# [DATASET EXTRACT]

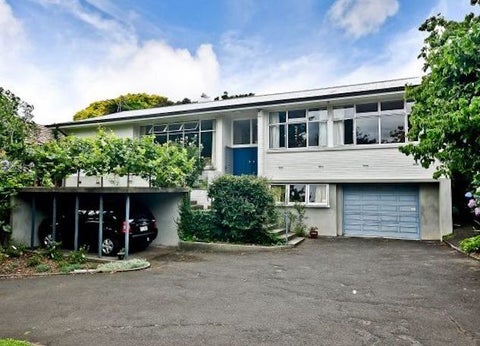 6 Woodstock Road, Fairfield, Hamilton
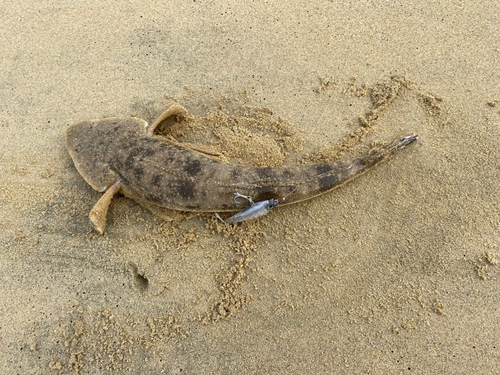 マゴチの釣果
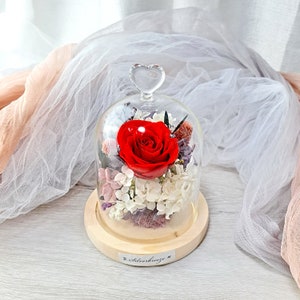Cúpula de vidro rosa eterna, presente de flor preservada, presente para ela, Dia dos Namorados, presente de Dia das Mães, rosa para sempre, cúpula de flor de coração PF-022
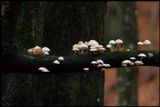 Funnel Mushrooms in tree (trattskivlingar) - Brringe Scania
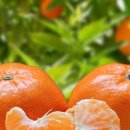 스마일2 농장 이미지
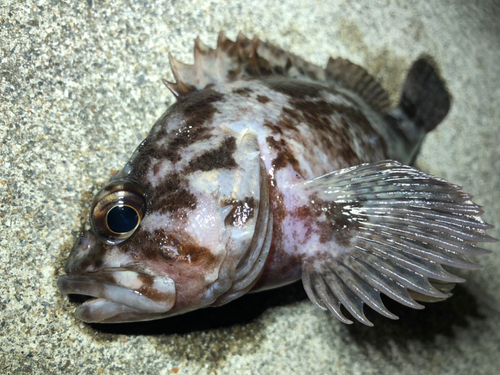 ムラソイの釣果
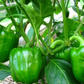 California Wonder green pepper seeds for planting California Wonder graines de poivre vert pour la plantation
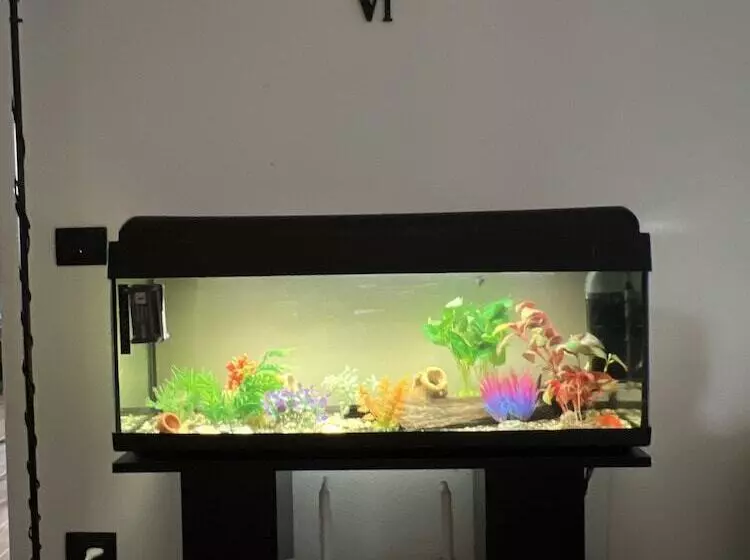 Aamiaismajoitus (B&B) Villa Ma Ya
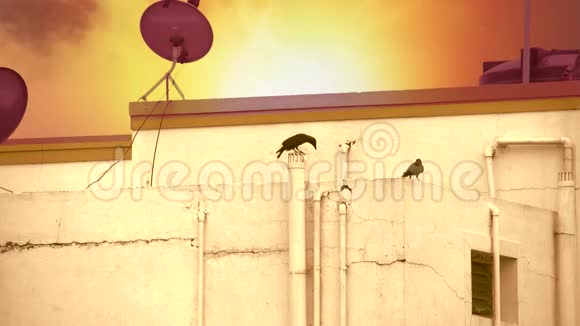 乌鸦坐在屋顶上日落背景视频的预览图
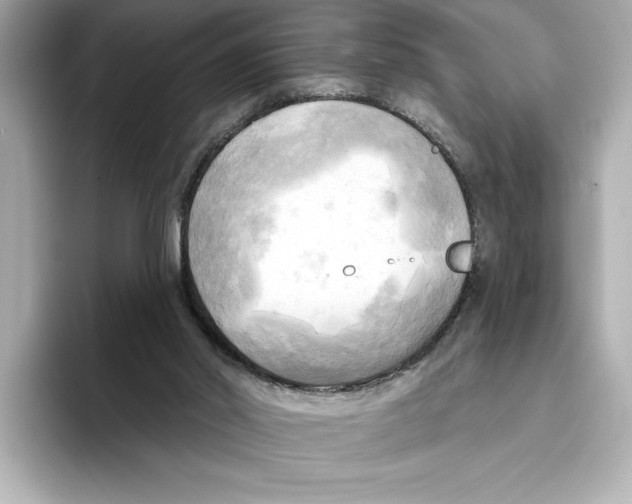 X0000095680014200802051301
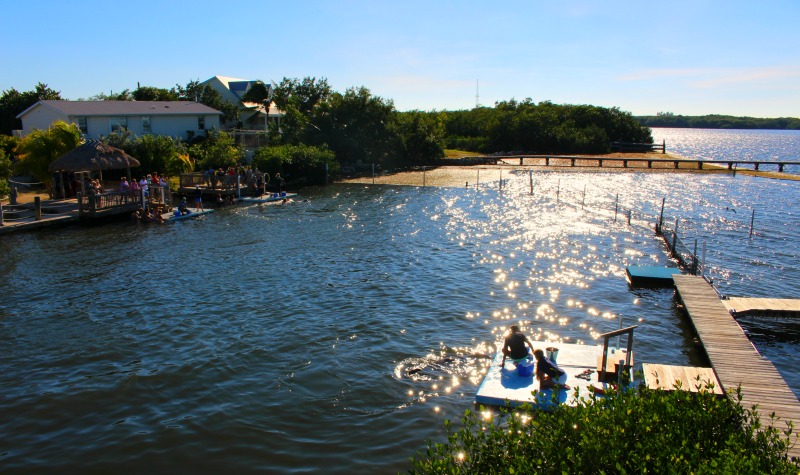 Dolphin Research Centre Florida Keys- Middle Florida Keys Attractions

# [WHAT TO PRODUCE]
Restate each entry word for word; pictures stay out of the copy.

# [TASK RESPONSE]
 6 Woodstock Road, Fairfield, Hamilton
 マゴチの釣果
Cúpula de vidro rosa eterna, presente de flor preservada, presente para ela, Dia dos Namorados, presente de Dia das Mães, rosa para sempre, cúpula de flor de coração PF-022
 Funnel Mushrooms in tree (trattskivlingar) - Brringe Scania
 스마일2 농장 이미지
 ムラソイの釣果
 California Wonder green pepper seeds for planting California Wonder graines de poivre vert pour la plantation
 Aamiaismajoitus (B&B) Villa Ma Ya
 乌鸦坐在屋顶上日落背景视频的预览图
 X0000095680014200802051301
 Dolphin Research Centre Florida Keys- Middle Florida Keys Attractions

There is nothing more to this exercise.